Das ist eine deutliche Kehrtwende. Im April und Anfang Mai hatte die Bank ihren Anteil zweimal unter die Meldepflicht-Schwelle gedrückt. Damals begründete JPMorgan die Bewegungen mit Wertpapierleihe, Investmentmanagement und Eigenhandel, nicht mit einer Wette gegen das Unternehmen. Der erneute Einstieg im Juli, zeitlich fast parallel zur Kursrally, liest sich für mich eher wie frisches institutionelles Interesse als wie eine gerade Linie des Aufbaus.
Die Bären-These: Charttechnik und Ermittlungen bremsen
Trotzdem mahnt die Charttechnik zur Vorsicht. Selbst nach dem heutigen Sprung liegt der Kurs noch 29,41 Prozent unter dem 200-Tage-Durchschnitt von 1,85 Euro. Der langfristige Abwärtstrend ist damit noch längst nicht repariert.

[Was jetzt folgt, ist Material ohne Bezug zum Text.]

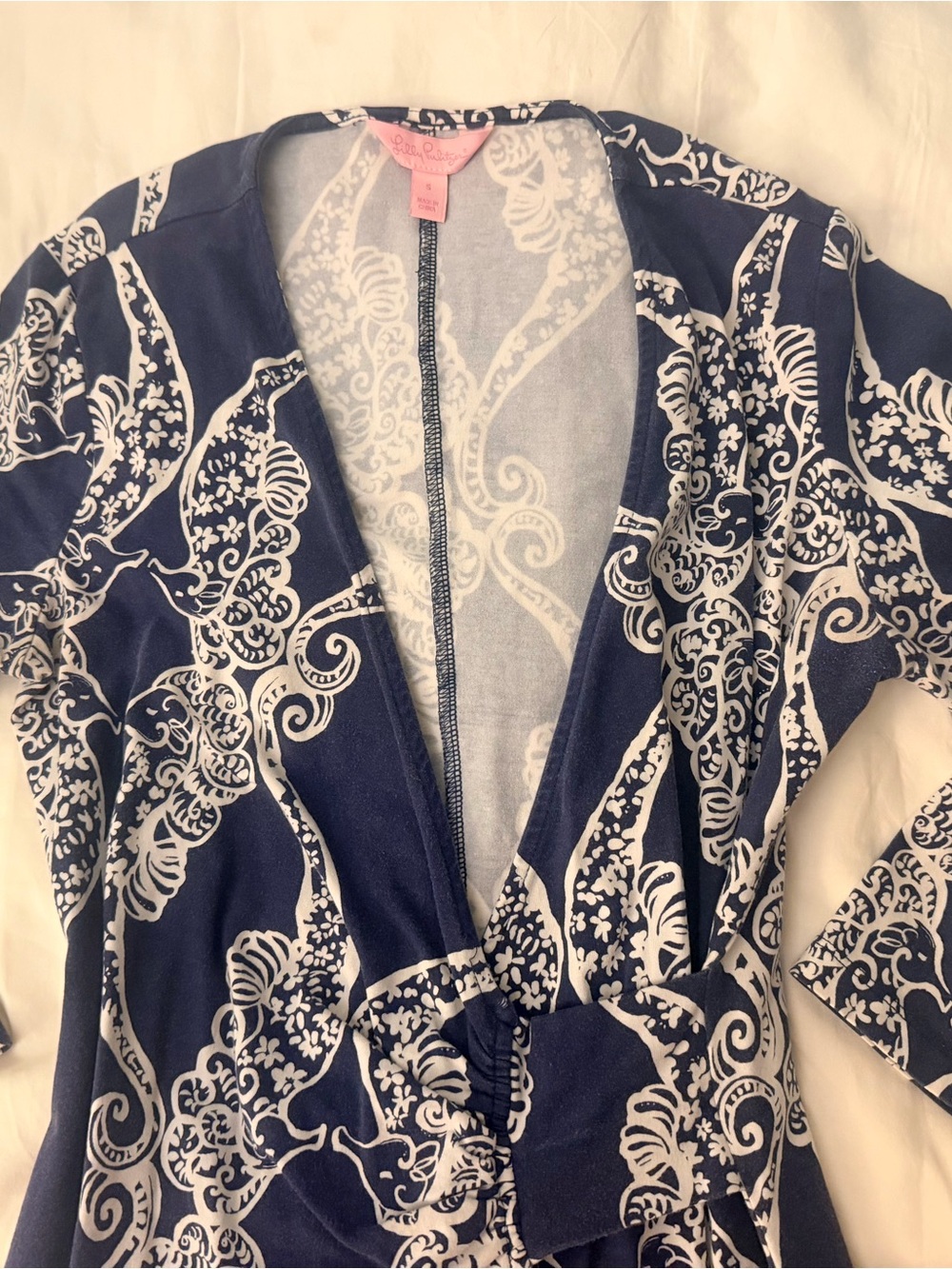 Lilly Pulitzer Navy Blue Maxi Dress - Picture 4 of 5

Der RSI von 47,5 zeigt neutrales Terrain, es bliebe also Luft nach oben. Aber eine annualisierte 30-Tage-Volatilität von fast 88 Prozent zeigt, wie heftig dieser Titel in beide Richtungen ausschlagen kann.
Hinzu kommt eine unbeantwortete Frage: Die australische Aufsichtsbehörde ASIC ermittelt weiterhin gegen DroneShield wegen möglicher Verstöße bei Offenlegungspflichten und Handelsaktivitäten. Das Unternehmen hat Kooperation zugesagt, weiß aber selbst nicht, ob am Ende etwas dabei herauskommt. Dieser Schatten hat frühere Rallys schon mehrfach gekappt und bleibt ein Risiko, das jederzeit wieder aufflammen kann, egal wie gut das Auftragsbuch aussieht.
Mein Fazit
Für mich spricht die Kombination aus beschleunigten Vertragsabschlüssen, einem Kurs weit unter seinen gleitenden Durchschnitten und JPMorgans Rückkehr als bedeutender Anteilseigner dafür, dass hinter dieser Erholung mehr steckt als eine reine Short-Squeeze-Bewegung. Aber das ständige Hin und Her bei der institutionellen Position, Ausstieg im Frühjahr, Wiederaufbau erst ab Mitte Juli, zeigt: Große Investoren haben sich dieses Jahr in beide Richtungen bewegt, nicht gleichmäßig aufgebaut.
Bei dieser extremen Volatilität und einer laufenden, ungeklärten Ermittlung sehe ich die Rally eher als risikoreichen Erholungstrade denn als Rückkehr zum stabilen Aufwärtstrend, der die Aktie im Oktober zu ihren Höchstständen trug. Wer auf eine Fortsetzung setzt, sollte sich klarmachen: Operative Dynamik und Kopfrisiko halten sich hier in etwa die Waage.